2011-2012 College Basketball Preview Series – Memphis Tigers

If your favorite college football teams sucks (check) or your favorite baseball team is not playing in the Fall Classic (check) or you do not care to watch Tim Tebow’s first professional start (check), then it’s time to focus your attention to the hardwood. And since the NBA owners and players cannot come to an agreement, college hoops takes the center stage for the round ball junkie.

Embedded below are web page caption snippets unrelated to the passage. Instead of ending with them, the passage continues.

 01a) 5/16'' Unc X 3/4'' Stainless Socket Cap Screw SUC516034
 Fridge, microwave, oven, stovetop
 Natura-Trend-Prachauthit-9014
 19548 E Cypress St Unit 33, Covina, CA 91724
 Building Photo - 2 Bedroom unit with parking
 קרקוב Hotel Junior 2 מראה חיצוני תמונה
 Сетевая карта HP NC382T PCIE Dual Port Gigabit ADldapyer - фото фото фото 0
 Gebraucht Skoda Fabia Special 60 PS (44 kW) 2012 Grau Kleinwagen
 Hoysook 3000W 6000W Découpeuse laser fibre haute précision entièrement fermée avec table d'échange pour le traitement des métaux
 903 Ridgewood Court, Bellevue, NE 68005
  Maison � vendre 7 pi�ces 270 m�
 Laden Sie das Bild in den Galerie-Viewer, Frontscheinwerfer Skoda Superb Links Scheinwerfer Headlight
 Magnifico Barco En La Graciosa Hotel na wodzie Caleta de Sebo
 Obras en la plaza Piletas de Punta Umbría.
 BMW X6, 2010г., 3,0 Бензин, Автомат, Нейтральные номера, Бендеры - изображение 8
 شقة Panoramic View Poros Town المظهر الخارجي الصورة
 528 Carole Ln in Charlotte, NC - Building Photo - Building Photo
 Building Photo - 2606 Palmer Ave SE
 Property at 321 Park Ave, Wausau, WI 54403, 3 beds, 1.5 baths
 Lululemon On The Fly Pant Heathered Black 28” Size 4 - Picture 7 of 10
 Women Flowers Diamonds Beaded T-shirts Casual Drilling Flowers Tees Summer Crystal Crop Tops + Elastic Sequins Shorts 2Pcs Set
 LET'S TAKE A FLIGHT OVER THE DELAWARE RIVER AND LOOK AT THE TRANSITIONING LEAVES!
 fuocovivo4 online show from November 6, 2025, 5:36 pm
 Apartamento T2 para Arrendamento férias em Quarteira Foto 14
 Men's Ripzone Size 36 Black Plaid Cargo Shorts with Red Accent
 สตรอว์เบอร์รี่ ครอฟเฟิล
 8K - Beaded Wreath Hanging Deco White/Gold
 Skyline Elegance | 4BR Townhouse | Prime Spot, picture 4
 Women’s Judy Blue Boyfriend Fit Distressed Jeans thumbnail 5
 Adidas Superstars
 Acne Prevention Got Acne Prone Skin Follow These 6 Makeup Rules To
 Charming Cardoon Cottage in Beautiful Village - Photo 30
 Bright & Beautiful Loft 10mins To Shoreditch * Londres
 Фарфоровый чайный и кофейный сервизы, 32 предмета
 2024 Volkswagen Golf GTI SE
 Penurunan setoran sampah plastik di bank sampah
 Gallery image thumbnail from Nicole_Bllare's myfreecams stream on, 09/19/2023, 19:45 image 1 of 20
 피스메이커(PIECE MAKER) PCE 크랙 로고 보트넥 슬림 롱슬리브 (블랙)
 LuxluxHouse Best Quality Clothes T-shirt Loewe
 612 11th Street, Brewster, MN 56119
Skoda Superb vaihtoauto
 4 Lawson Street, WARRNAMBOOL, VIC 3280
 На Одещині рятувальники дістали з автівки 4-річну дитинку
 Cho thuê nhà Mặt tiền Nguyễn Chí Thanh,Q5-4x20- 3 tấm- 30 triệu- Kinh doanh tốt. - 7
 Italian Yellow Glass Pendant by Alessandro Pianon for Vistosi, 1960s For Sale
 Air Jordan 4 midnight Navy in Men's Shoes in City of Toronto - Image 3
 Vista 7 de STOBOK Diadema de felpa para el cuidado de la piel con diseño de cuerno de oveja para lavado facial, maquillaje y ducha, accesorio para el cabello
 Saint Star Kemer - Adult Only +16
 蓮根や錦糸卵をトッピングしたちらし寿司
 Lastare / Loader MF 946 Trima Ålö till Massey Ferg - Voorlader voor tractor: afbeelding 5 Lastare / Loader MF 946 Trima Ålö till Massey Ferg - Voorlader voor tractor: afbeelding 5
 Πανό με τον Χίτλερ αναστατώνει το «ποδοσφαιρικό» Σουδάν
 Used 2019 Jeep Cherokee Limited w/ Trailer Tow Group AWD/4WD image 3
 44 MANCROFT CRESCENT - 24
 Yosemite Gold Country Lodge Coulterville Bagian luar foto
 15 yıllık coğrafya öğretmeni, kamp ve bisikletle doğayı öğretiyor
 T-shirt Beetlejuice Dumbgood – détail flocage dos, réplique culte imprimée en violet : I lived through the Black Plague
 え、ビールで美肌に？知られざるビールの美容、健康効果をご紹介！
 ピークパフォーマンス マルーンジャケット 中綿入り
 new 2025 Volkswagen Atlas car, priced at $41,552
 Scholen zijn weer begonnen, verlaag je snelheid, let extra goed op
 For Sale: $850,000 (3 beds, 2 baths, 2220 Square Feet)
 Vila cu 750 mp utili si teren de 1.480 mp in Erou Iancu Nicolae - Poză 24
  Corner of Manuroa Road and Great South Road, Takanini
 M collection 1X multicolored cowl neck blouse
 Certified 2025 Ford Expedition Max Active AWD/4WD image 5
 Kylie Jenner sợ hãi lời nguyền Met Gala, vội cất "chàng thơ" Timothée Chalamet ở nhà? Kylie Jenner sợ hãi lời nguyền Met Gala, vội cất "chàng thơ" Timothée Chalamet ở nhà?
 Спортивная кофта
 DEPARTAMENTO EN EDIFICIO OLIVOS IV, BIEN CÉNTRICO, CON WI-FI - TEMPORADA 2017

As experts of the college game, the writers here at EJSIC will be previewing certain teams (i.e. each writer’s favorite one) and all of the major conferences. We are also in the process of compiling our own preseason Top 25. Stay tuned in the coming weeks as we help you transition from Midnight Madness to opening tip-offs.

Setting the Stage

Head coach Josh Pastner enters his third season at the helm of the Tigers, and appears to have his best team yet. He returned everyone (sans the dismissed Jelan Kendrick) from the heralded 2010 recruiting class to which he adds another McDonald’s All-American (Adonis Thomas), a transfer from Seton Hall (Ferrakohn Hall), and JUCO transfer Stan Simpson.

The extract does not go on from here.